Moulay Ahfid El Alaouy Molecular Chemistry and Natural Substances Laboratory, Faculty of Science, University Moulay Ismail, Meknes, Morocco
Marwa Alaqarbeh National Agricultural Research Center, Al Baqa 19381, Jordan https://orcid.org/0000-0002-0879-5077
Salma El Bahi Molecular Chemistry and Natural Substances Laboratory, Faculty of Science, University Moulay Ismail, Meknes, Morocco
Meryem Boutalaka Molecular Chemistry and Natural Substances Laboratory, Faculty of Science, University Moulay Ismail, Meknes, Morocco
Soukaina Esslali Molecular Chemistry and Natural Substances Laboratory, Faculty of Science, University Moulay Ismail, Meknes, Morocco; Laboratory of Chemistry-Biology Applied to the Environment, Chemistry Department, Faculty of Sciences, Moulay-Ismail University, B.P. 11201, Zitoune, Meknes, Morocco
Abdelouahid Sbai Molecular Chemistry and Natural Substances Laboratory, Faculty of Science, University Moulay Ismail, Meknes, Morocco
Hamid Maghat Molecular Chemistry and Natural Substances Laboratory, Faculty of Science, University Moulay Ismail, Meknes, Morocco
Farhate Guenoun Laboratory of Chemistry-Biology Applied to the Environment, Chemistry Department, Faculty of Sciences, Moulay-Ismail University, B.P. 11201, Zitoune, Meknes, Morocco
M’barek Choukrad Molecular Chemistry and Natural Substances Laboratory, Faculty of Science, University Moulay Ismail, Meknes, Morocco
Tahar Lakhlifi Molecular Chemistry and Natural Substances Laboratory, Faculty of Science, University Moulay Ismail, Meknes, Morocco
Mohammed Bouachrine Molecular Chemistry and Natural Substances Laboratory, Faculty of Science, University Moulay Ismail, Meknes, Morocco; EST Khenifra, Sultan Moulay Sliman University, Benimellal, Morocco

الكلمات المفتاحية:

ADMET، Acetylcholinesterase inhibitors، Alzheimer's disease، 3D-QSAR، Molecular docking، Molecular dynamics simulation

الملخص

This work used computational methods of 3D-QSAR, molecular docking, ADMET, and molecular dynamics simulations to analyze the relationship between chemical structure and acetylcholinesterase inhibition mechanism by Spiropyrazoline derivatives.

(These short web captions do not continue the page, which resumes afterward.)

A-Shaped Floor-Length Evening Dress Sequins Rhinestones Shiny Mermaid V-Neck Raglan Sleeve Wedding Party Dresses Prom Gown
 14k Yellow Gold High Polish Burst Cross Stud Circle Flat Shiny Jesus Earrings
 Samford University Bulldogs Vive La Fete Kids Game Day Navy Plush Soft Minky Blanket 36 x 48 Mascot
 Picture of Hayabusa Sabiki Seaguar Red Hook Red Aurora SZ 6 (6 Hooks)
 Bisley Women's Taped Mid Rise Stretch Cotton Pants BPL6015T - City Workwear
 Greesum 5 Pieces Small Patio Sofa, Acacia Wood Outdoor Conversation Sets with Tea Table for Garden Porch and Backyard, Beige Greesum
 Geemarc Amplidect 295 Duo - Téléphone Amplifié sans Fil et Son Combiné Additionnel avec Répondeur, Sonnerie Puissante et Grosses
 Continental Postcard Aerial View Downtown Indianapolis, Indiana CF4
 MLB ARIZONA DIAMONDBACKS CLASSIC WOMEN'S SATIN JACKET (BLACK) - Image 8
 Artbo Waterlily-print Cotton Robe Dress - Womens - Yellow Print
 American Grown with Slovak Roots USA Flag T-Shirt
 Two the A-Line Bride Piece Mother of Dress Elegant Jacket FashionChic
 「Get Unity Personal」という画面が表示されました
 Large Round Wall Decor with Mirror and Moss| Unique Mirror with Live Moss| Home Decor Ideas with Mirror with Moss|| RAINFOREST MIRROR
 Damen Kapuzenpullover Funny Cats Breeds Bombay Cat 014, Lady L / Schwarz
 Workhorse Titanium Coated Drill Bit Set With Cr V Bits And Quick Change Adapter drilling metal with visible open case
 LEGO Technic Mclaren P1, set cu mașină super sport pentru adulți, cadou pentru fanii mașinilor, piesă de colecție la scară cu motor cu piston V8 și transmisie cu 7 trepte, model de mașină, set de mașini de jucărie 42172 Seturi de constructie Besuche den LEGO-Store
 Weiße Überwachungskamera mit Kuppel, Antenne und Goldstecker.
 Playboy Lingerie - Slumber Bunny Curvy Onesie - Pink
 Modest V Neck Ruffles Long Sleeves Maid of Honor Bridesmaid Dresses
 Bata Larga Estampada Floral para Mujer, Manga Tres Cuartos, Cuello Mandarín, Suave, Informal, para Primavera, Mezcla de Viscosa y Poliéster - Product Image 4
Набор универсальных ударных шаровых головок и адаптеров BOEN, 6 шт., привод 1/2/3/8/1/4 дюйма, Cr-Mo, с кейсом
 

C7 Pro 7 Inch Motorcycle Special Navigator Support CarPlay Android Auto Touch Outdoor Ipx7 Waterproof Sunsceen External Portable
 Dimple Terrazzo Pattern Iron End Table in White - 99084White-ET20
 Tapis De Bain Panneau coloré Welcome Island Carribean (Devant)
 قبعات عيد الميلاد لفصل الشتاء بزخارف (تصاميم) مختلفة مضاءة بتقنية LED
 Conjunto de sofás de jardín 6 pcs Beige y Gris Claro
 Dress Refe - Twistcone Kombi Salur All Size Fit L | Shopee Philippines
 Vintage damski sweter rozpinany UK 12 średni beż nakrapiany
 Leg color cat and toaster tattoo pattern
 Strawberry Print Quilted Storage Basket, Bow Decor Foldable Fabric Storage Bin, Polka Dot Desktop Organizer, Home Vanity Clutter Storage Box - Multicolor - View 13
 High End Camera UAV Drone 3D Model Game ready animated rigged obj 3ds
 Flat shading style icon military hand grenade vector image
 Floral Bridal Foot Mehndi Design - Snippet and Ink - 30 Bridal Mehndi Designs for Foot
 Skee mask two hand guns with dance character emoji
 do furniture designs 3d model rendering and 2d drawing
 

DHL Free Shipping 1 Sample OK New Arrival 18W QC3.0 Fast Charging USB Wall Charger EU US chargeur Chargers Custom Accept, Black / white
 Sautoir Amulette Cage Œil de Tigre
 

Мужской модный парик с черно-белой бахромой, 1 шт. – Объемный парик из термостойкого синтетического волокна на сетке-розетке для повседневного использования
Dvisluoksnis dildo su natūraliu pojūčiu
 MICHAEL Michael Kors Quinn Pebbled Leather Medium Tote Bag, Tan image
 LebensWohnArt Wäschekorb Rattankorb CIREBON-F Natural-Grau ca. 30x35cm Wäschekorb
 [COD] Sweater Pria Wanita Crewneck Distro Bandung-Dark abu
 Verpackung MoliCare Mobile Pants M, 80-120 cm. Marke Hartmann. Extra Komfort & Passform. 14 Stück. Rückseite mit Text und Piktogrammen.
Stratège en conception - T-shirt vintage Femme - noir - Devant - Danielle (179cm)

COMFA and COMSIA predicted the inhibitory activities of the proposed Spiropyrazoline derivatives against acetylcholinesterase, where the best models are (COMSIA/S + E + H) (Q² = 0.517, R² = 0.904, R² test = 0.931). Molecular docking results revealed that the new M1 complex interacts with critical residues in the major circuits of the AChE main chain, with residues TRP286, TRP86, TYR341, TYR72, TYR124, and TYR337 more than compound 2. This residue plays an essential role in the stability of the complex. A molecular dynamics simulation explored the binding stability and conformational interaction changes of M1 and molecule 2 with acetylcholinesterase complexes at 100 ns. Both compounds showed good stability regarding RMSD, Rg, RMSF, and SASA values. Compound M1 shows remarkable stability in the active site of AChE compared to compound 2. In addition, Lipinski's rule for predicting pharmacokinetics with ADMET is satisfactory. The retrosynthetic approach was used to develop an efficient and convenient synthetic route for preparing the target molecule M1.